I read with interest your editorial (21 February) regarding buy-to-let landlords and the injustice faced by renters who are excluded from the prosperity generated by rising property prices and who are funding the comfortable retirements of their landlords.
While the suggestion of extending the right-to-buy scheme to the private sector is, at first glance, interesting, sadly this will not assist those who will never be able to afford to purchase a property. How will an individual receiving the minimum wage be able to afford the deposit required by a mortgage lender? Given that the average mortgage is repaid over 25 years, anyone over the age of 40 is likely to be excluded.
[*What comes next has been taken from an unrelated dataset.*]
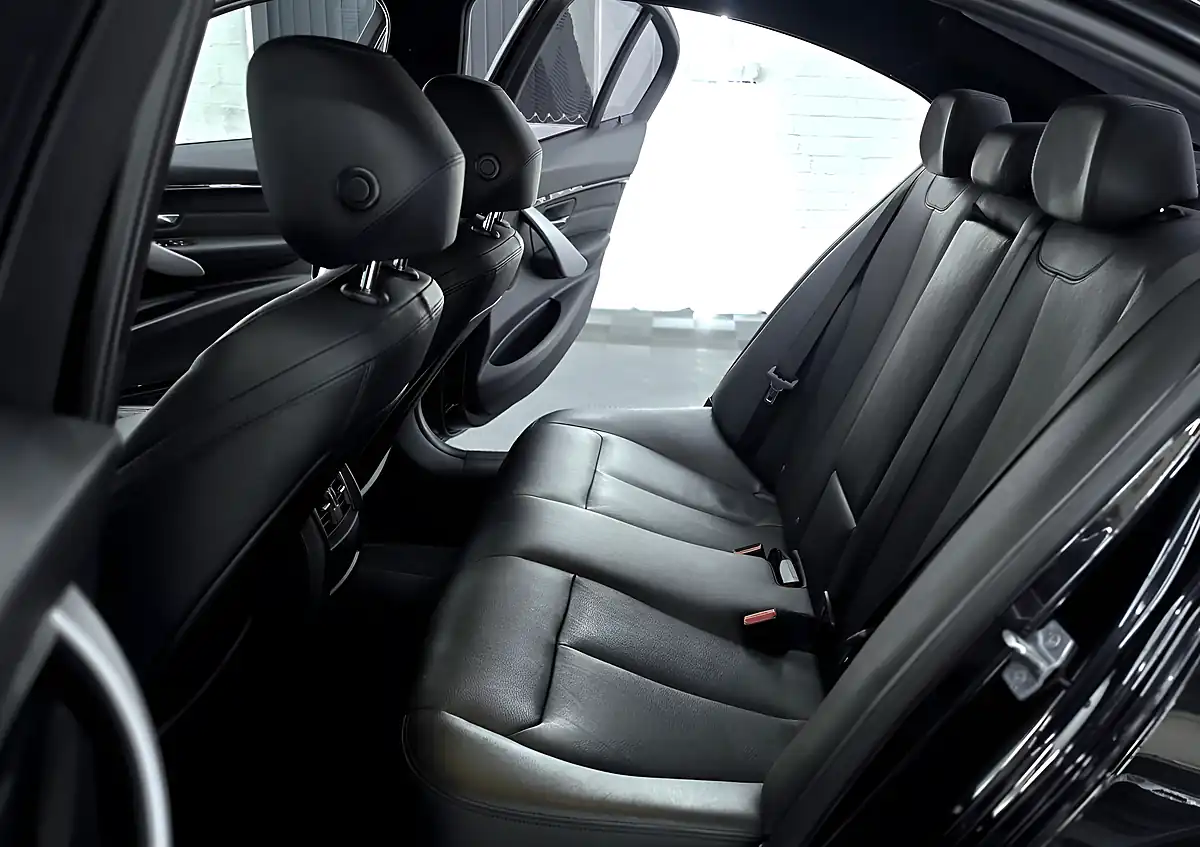 Used 2017 BMW 3 Series M Sport Black Sapphire - Interior and Exterior details 18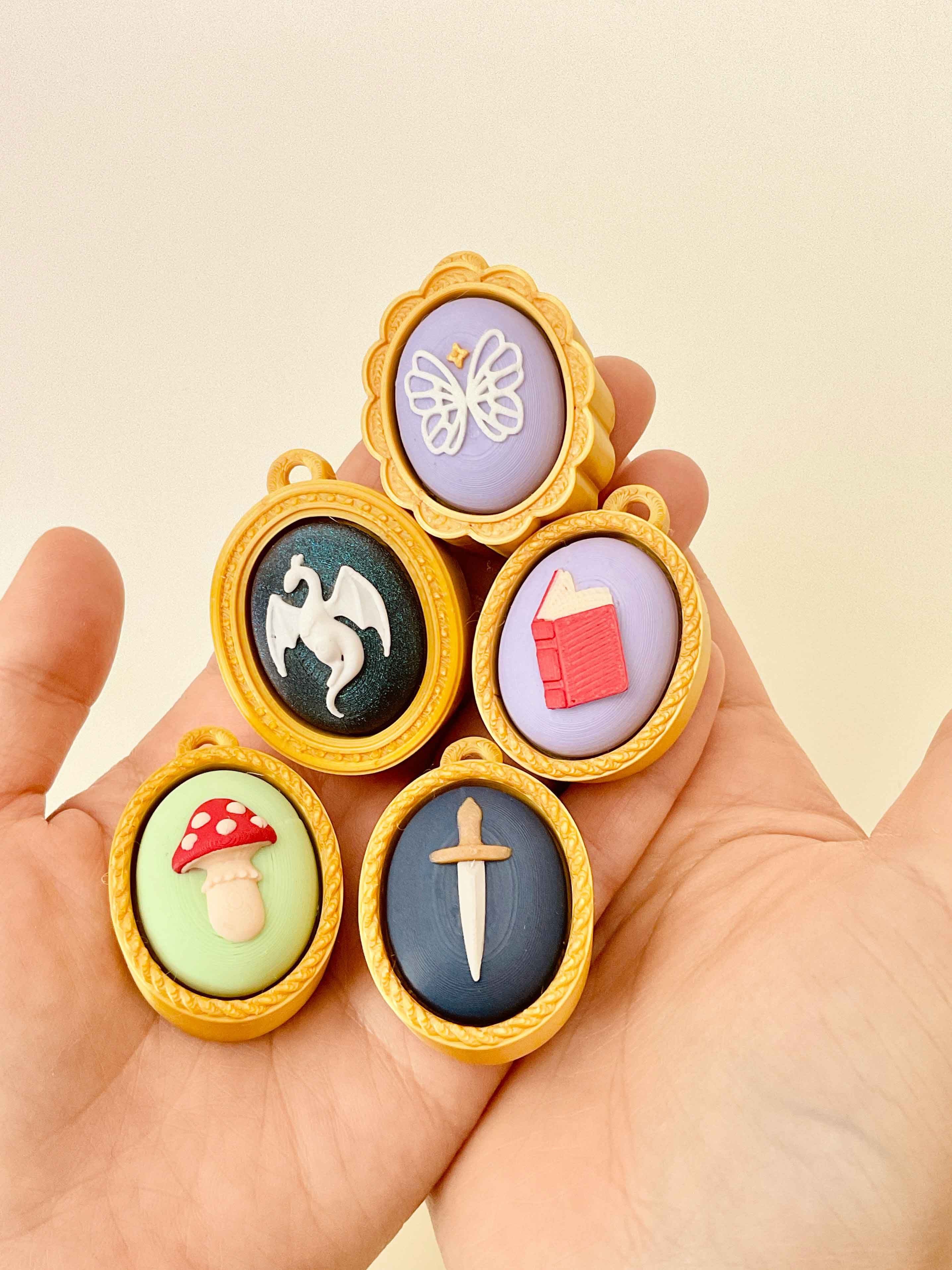 Fantasy Cameo Clicker Keychain Fidget Toy Bundle 3d model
All political parties have avoided the fact that there is a chronic shortage of social housing. The Thatcher administration’s prohibition of local authorities using funds gained from former council tenants who purchased their properties to build new council-owned homes was shortsighted and caused incalculable social harm.
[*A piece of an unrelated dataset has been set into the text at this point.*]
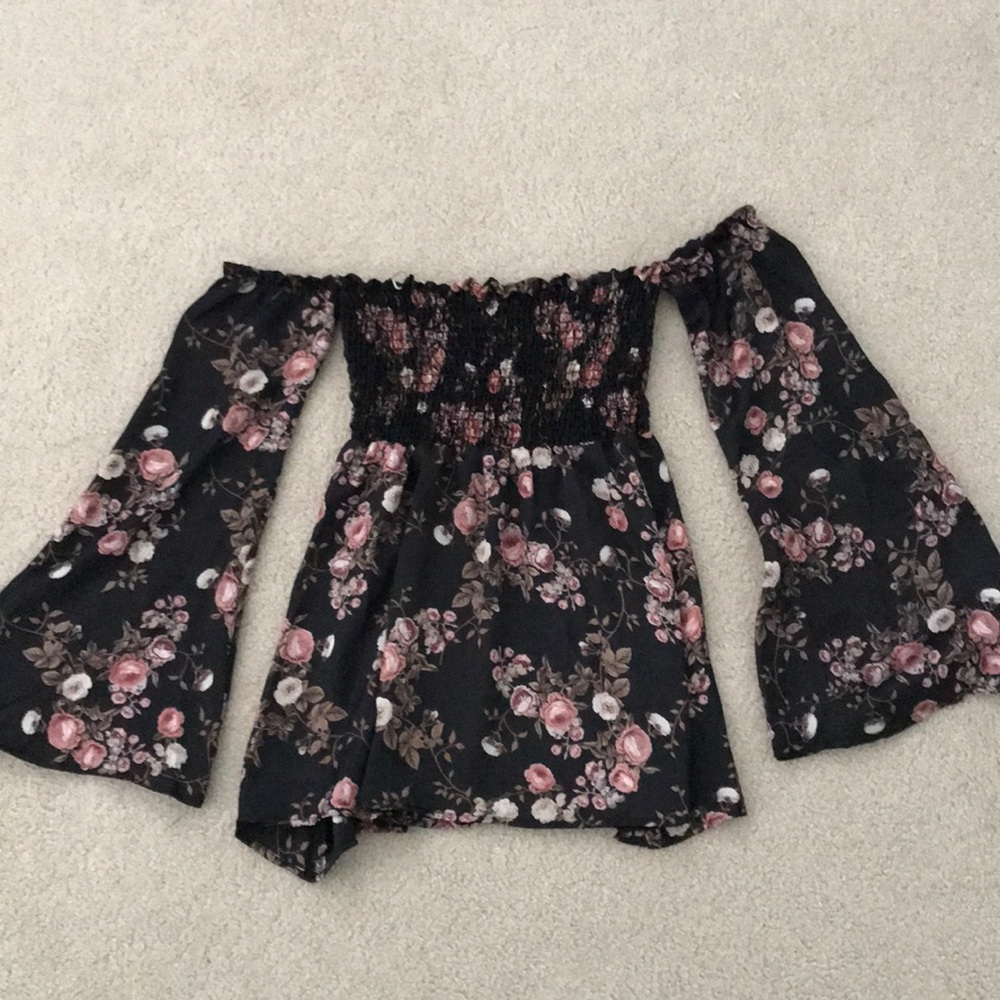 Floral cold shoulder top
The right to a permanent home is a basic human right and a cross-party issue. Will Boris Johnson and Keir Starmer be willing to accept, and promote, the fact that the only solution to the shortage is the largest programme of social housing construction since the end of the second world war?
Keeley-Jasmine Cavendish
London
• You put the shocking rise in house prices down to a lack of stock coming on to the market. How refreshing that you recognise that this is not due to a shortage of physical homes, but to the rich hoarding homes and to frenetic housebuilding drawing the eye of investors.
Here in south Oxfordshire, the government forces us to build three times more homes than the number of households expected to form, that is, two newly empty dwellings for every one that becomes a home. This has turbocharged the market and prices. Concreting over our land loses us Oxford’s green belt and fragments the landscape. Land lost cannot be restored for nature and regenerative farming.
The Labour party’s intention to ban foreign ownership of new homes should be extended to all homes and further localised: you cannot buy a home in Oxfordshire (old or new) unless you are, or intend to become, a resident.
All homes should be sold for residential purposes only, slowly ending the problem of housing for investment. Some holiday businesses could be enabled by licensing premises for that purpose. This may sound draconian, but it is the only way we can bring down prices and house our people well. Limit the market, do not increase supply.
Dr Sue Roberts
District councillor, South Oxfordshire
• The housing shortage goes back to the Thatcher years and the privatisation of rentals. When she tried to make every tenant Conservative by pushing people to buy their council houses, she left a hole for councils, which she made sure could not be filled with the reductions on the amount that they could charge and the government subsidies that they could draw on. A lot of rough sleepers and plenty of tenants could surely be housed by local authorities – the biggest obstacle is the ideology of the present government.